# another cool gig



## timhag (Sep 30, 2007)

Starting this job the day after Christmas, was only able to take a few pics due to overload of pics on my phone. There is a total of 8 rooms and they are pretty much in the same condition as you see here. Electric company won't connect the service until i obtain an electric inspection, meaning we will be working in the cold until that is completed. we are going to rehab the complete house.


----------



## Rich (Apr 26, 2007)

yuck!
I mean...FUN


----------



## Joewho (Apr 17, 2007)




----------



## timhag (Sep 30, 2007)

Joewho said:


>


Whats that about my brother?


----------



## DelW (Apr 18, 2007)

That'll keep ya busy for awhile:thumbup:


----------



## timhag (Sep 30, 2007)

DelW said:


> That'll keep ya busy for awhile:thumbup:


:yes: :yes:


----------



## Joewho (Apr 17, 2007)

timhag said:


> Whats that about my brother?


 
That's my intial reaction to that kind of job. Done plenty. More construction than painting.
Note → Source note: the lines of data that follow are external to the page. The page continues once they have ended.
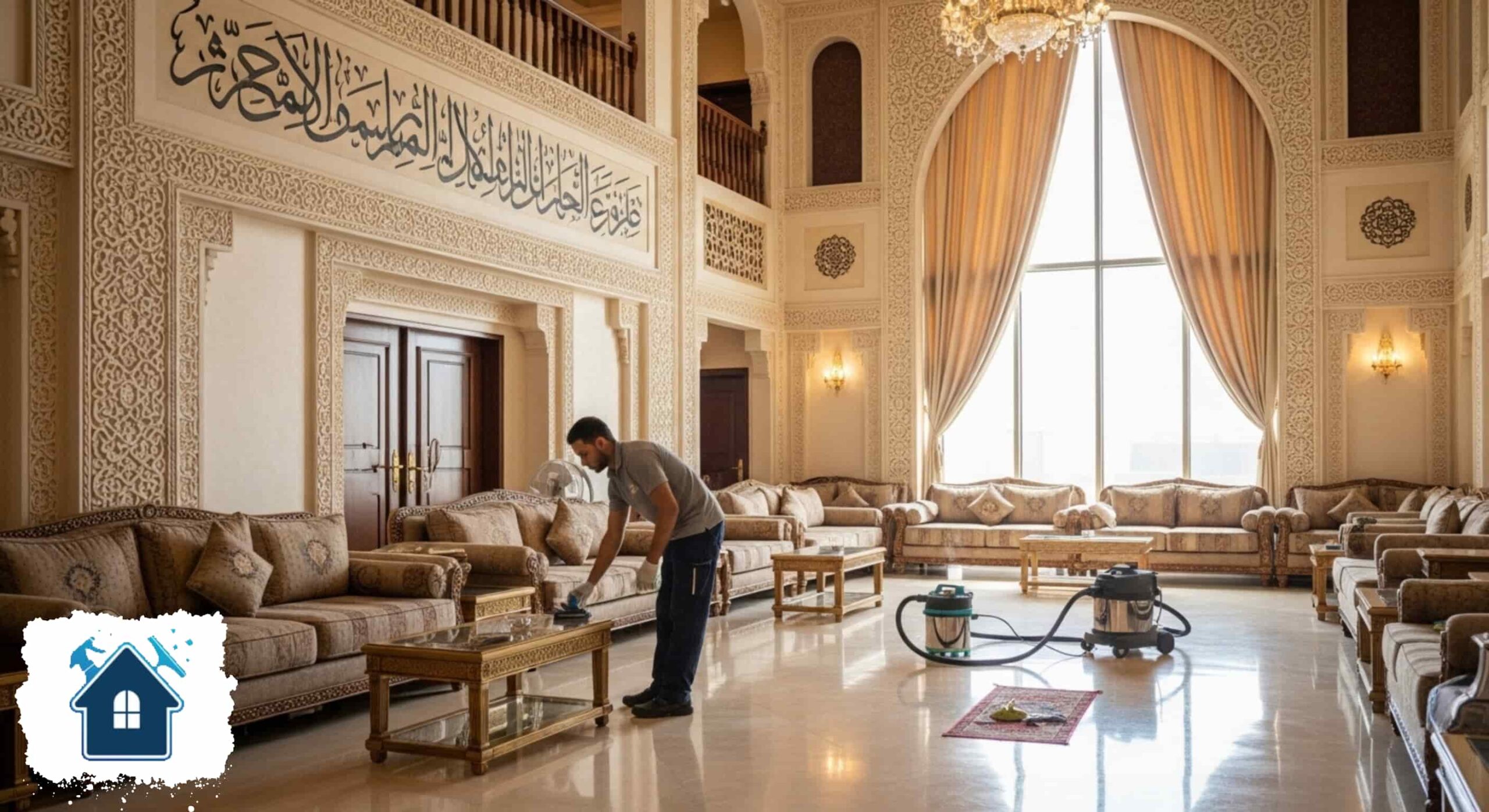 خدمات تنظيف المجالس والكنب المتكاملة بأعلى جودة في المدينة المنورة 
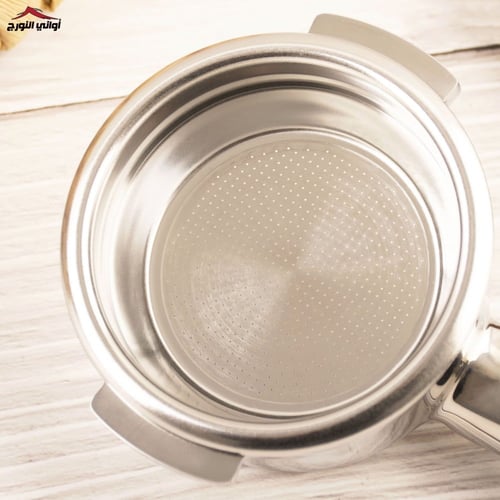 بورتافلتر بمقبض خشبي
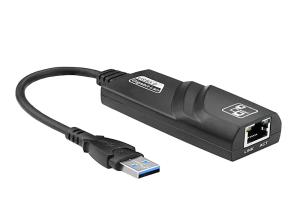 CONVERTIDOR USB 3.0 - RED RJ45 10/100/1000MBPS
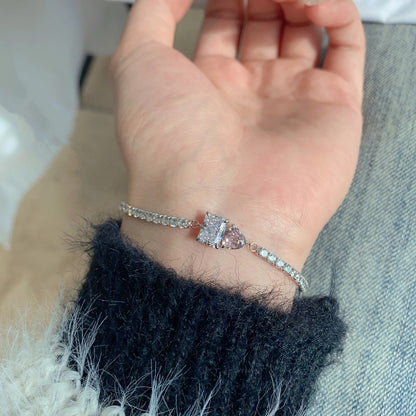 [Solara Jewelry ]Schillerndes, einzigartiges Liebhaber-Armband in verschiedenen Formen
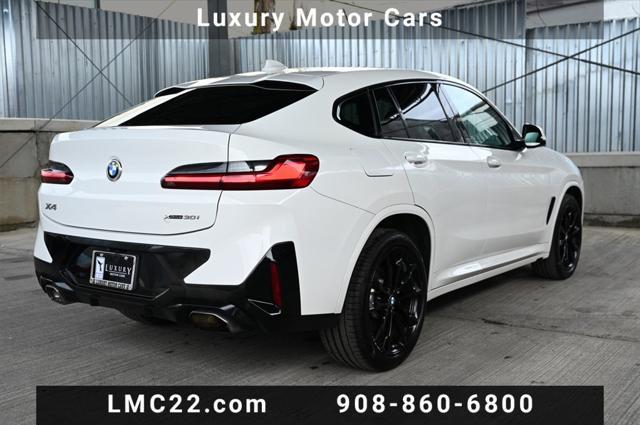 used 2022 BMW X4 car, priced at $35,397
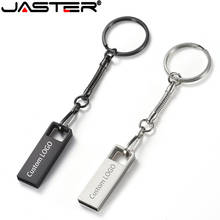 JASTER smart Metal pen drive 64GB memoria usb flash drive 32GB 16GB cle usb 2.0 Pen drive 8GB 4GB for phone flash usb stick 2024 - buy cheap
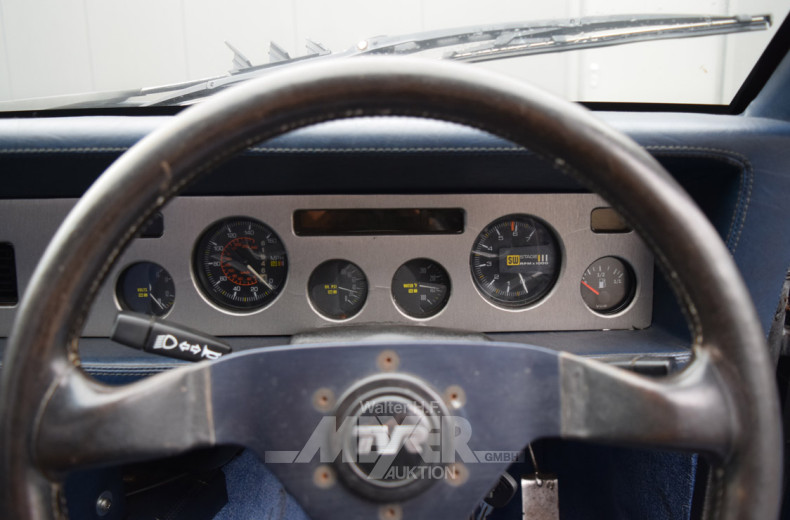 TVR Tasmin Cabrio 280i, blau,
Did one once taking out all the plaster, including ceiling. Saved the period trim and refinished along with hanging drywall, etc, etc. Very dirty.

Anyway, nothing against you.


----------



## timhag (Sep 30, 2007)

Joewho said:


> That's my intial reaction to that kind of job. Done plenty. More construction than painting.
> 
> Did one once taking out all the plaster, including ceiling. Saved the period trim and refinished along with hanging drywall, etc, etc. Very dirty.
> 
> Anyway, nothing against you.


I should have known better because thats my reaction 2 weeks into it......lol. Its coming along good though, still lots of work to do.


----------



## Tmrrptr (May 4, 2007)

Looks like a great job!

Can't wait to see the after pics...

Won't you use propane bombs in there to keep warm?


----------



## Joewho (Apr 17, 2007)

timhag said:


> I should have known better because thats my reaction 2 weeks into it......lol. Its coming along good though, still lots of work to do.
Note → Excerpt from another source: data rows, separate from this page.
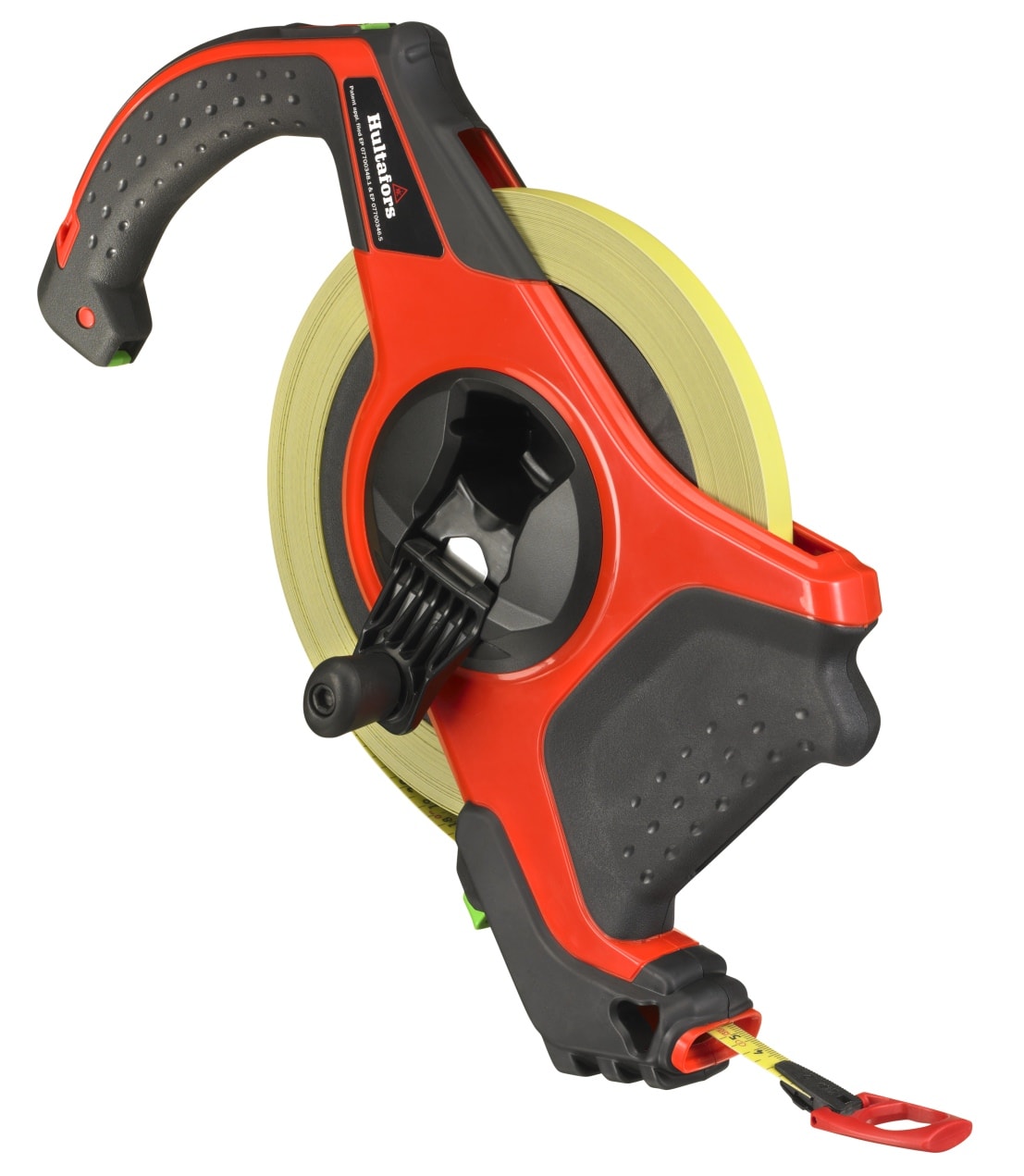 Hultafors Målebånd SY lang, stål, mm/mm, klasse 1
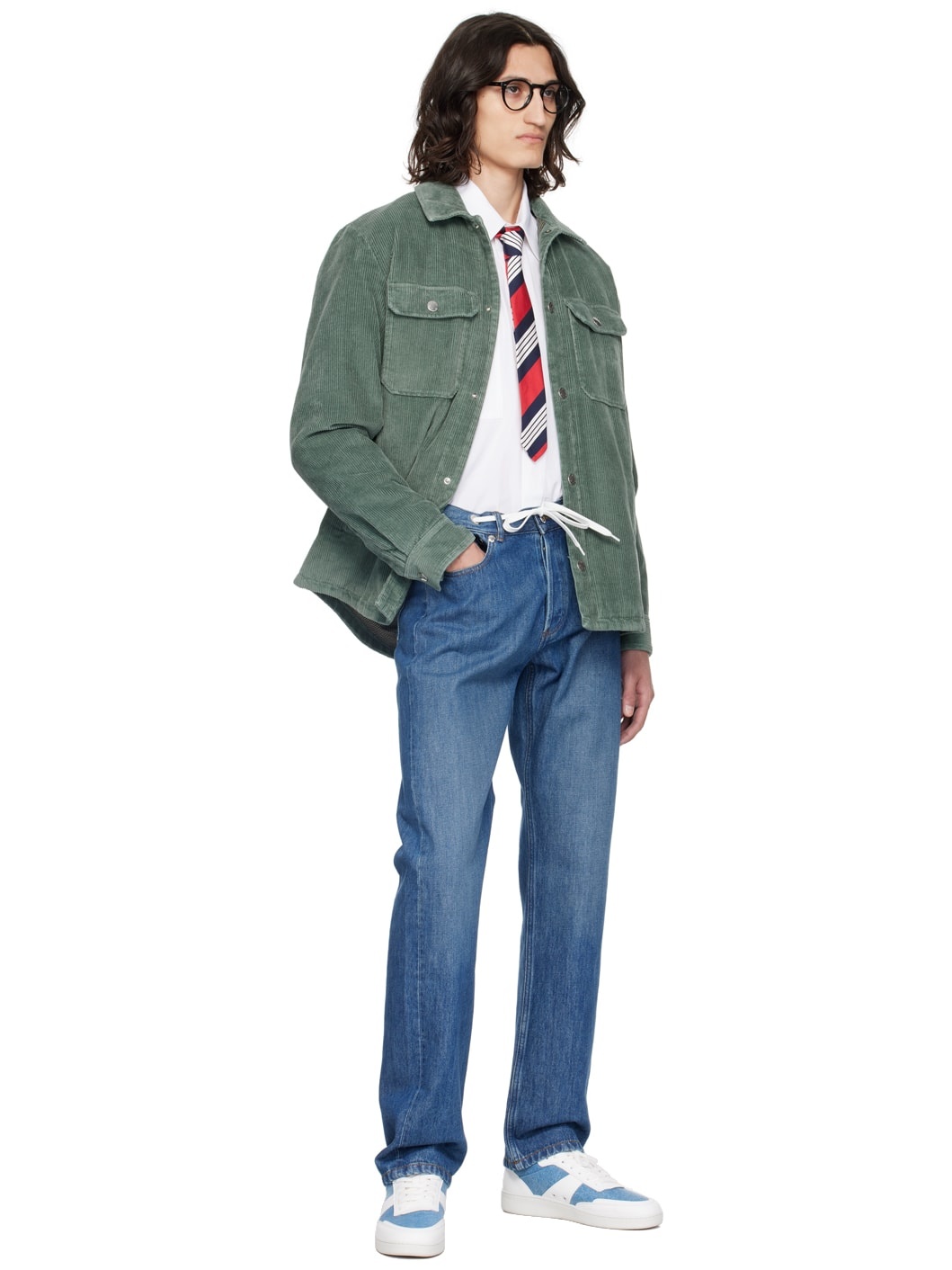 Green Alex Jacket - 4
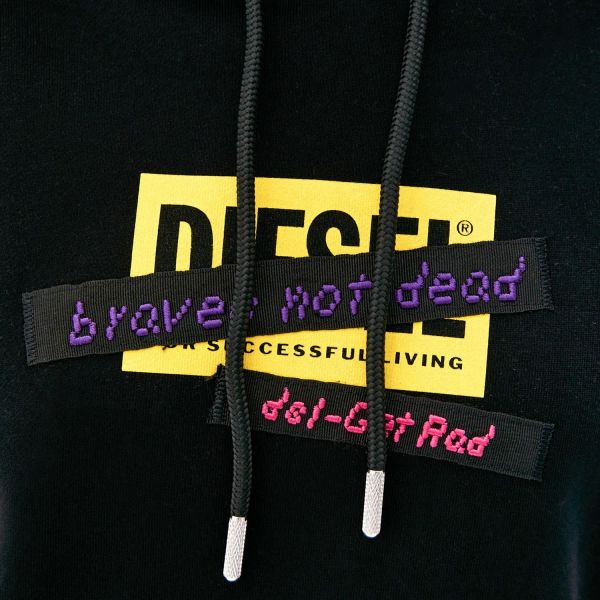 Худи Diesel F-Ang-Hood-R20 A04162-0IAJH-9XX.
It's the kind of work I respect in other painters. There's absolutley nothing to equal hands on experience. There is so much to learn on this type of job, and apply to work in the future.

I learned by doing the work and having the owner, who's an antique's expert, looking over my shoulder. He's the bastard who had me hand scraping his queen ann before I knew anything. Great friend and a great person to know. I'd really like to take over his refinishing shop, just feel that I'll never have an eye for matching stains though. No, really, I have astigmatisms. And I'm a little goofy at times. What do you expect from a lifetime of sniffing paint?


----------